Name: Abigail (Backstrom) Yeager
Program, year: Ford Scholar, class of 2003
Undergrad school: BA, Business, CSU Chico
Grad school: MBA, CSU Chico
After graduation, I started working in Redding at Owens Healthcare; for 3 years I worked as a Project Manager and Executive Assistant for the Vice President/Marketing Director. During that time I married my now husband in July of 2010, Craig and we started a family. We have two boys, Hayden (now 5 years) and Cody (almost 3 years). In 2012, I resigned from Owens Healthcare to stay at home with my first child. At the end of 2012 my family moved home to Happy Camp, CA. Craig was born and raised in Happy Camp and although I had visited my grandparents in Happy Camp during my childhood, I only lived there for 2.5 years during high school; since then it has always felt like home to me. Professionally, I have contracted as a consultant with the Karuk Tribe on two projects in 2014 and 2015. Personally, I have been the Vice President of the Happy Camp Coordinating Council since 2013, a nonprofit that plans and organizes an annual 3-day event in Happy Camp called Bigfoot Jamboree over Labor Day Weekend.
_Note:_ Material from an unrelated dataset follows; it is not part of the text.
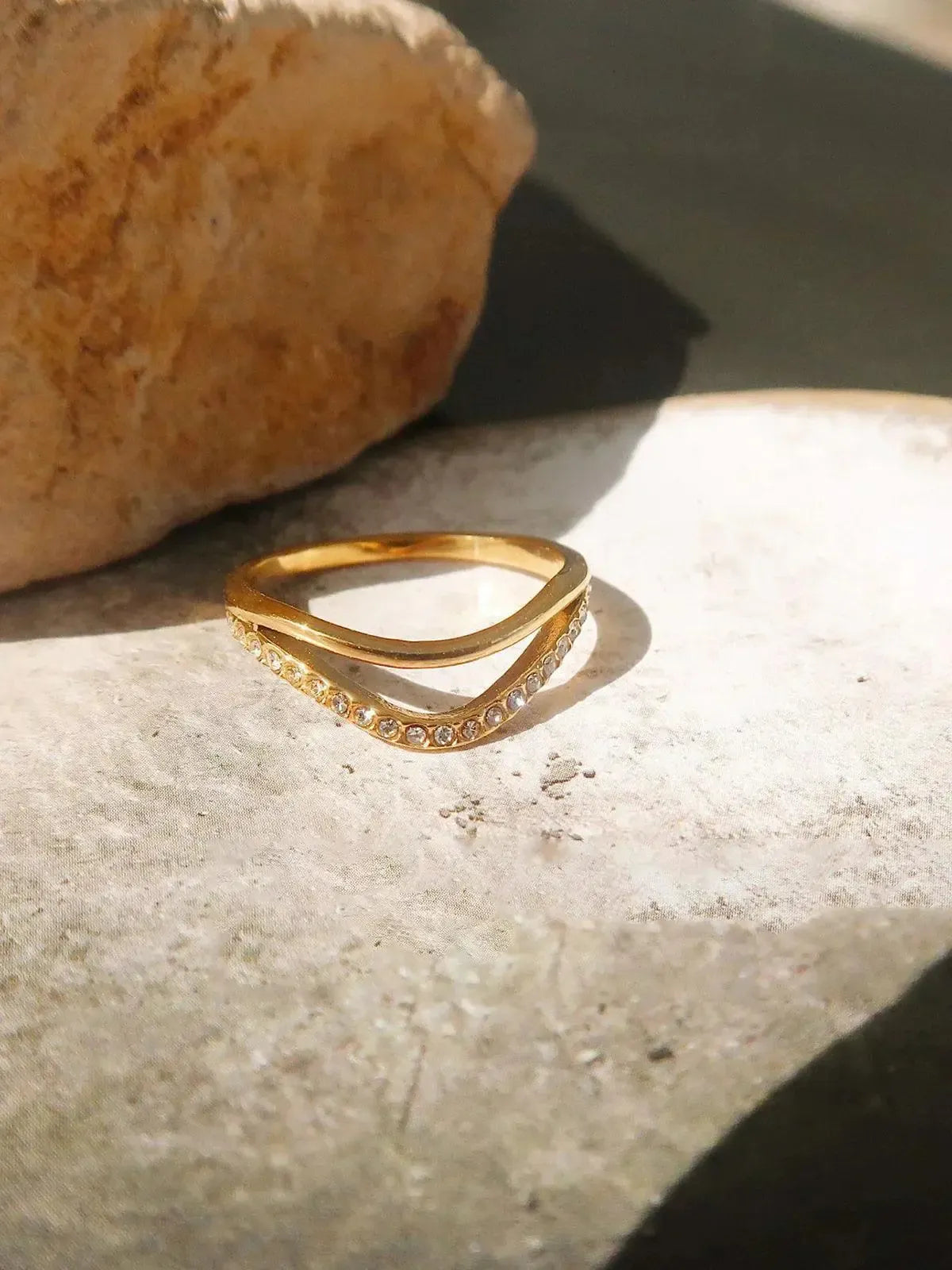Goudkleurige ring met golfpatroon - Sprankelende steentjes-accent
In 2015-16 I was the secretary for the Karuk Tribal Head Start Policy Council.
I am the Executive Director for Happy Camp Community Action, Inc., a 501c3 dedicated to youth, community and economic development in Happy Camp. In 2016, our nonprofit started the first certified Farmers Market in Happy Camp, California. Our 10 week market ran on Thursdays from July – September. The market was authorized to accept SNAP EBT benefits, WIC checks and Senior FMNP checks. We are now a Market Match partner with the Ecology Center, beginning July 1st, 2017 we can double up on SNAP EBT purchases. We are also working to reopen a 5,000 sq. foot building as Happy Camp’s first “Community Center”; we are planning to renovate it to include the Happy Camp Library and continue our current services, like First 5 Siskiyou and safety-net provider contracts with the county while also stepping into other areas of community need such as economic development (Farmers Market), seniors programs focused on aging in place, and a community garden program that is integrated with the schools (Head Start, Elementary and High School).
Happy Camp is a wonderful place to live and raise children but it is a struggling, rural community. When logging ended in the late 90’s, the industry wasn’t replace with anything sustainable and the community has suffered from the lack of jobs. The people who live here love Happy Camp and support their community in any way they can. More than anything I want to make a lasting difference here, no matter how big or small. My biggest dream is to bring sustainable jobs back to Happy Camp.
My husband and I started a garden on our property in 2015 and in 2016 the growing garden inspired me to start a certified Farmers Market in Happy Camp to sell my surplus (as I hate waste). I had no idea how that one decision would affect my community in such a positive way. We started small but during the course of the market, 4 community members approached us, wanting to find out how to join the market as either a farm or value-added vendor. We provided them with the information and they certified their farm operation and joined the Happy Camp Farmers Market. All of those vendors are eager to participate in the 2017 market season.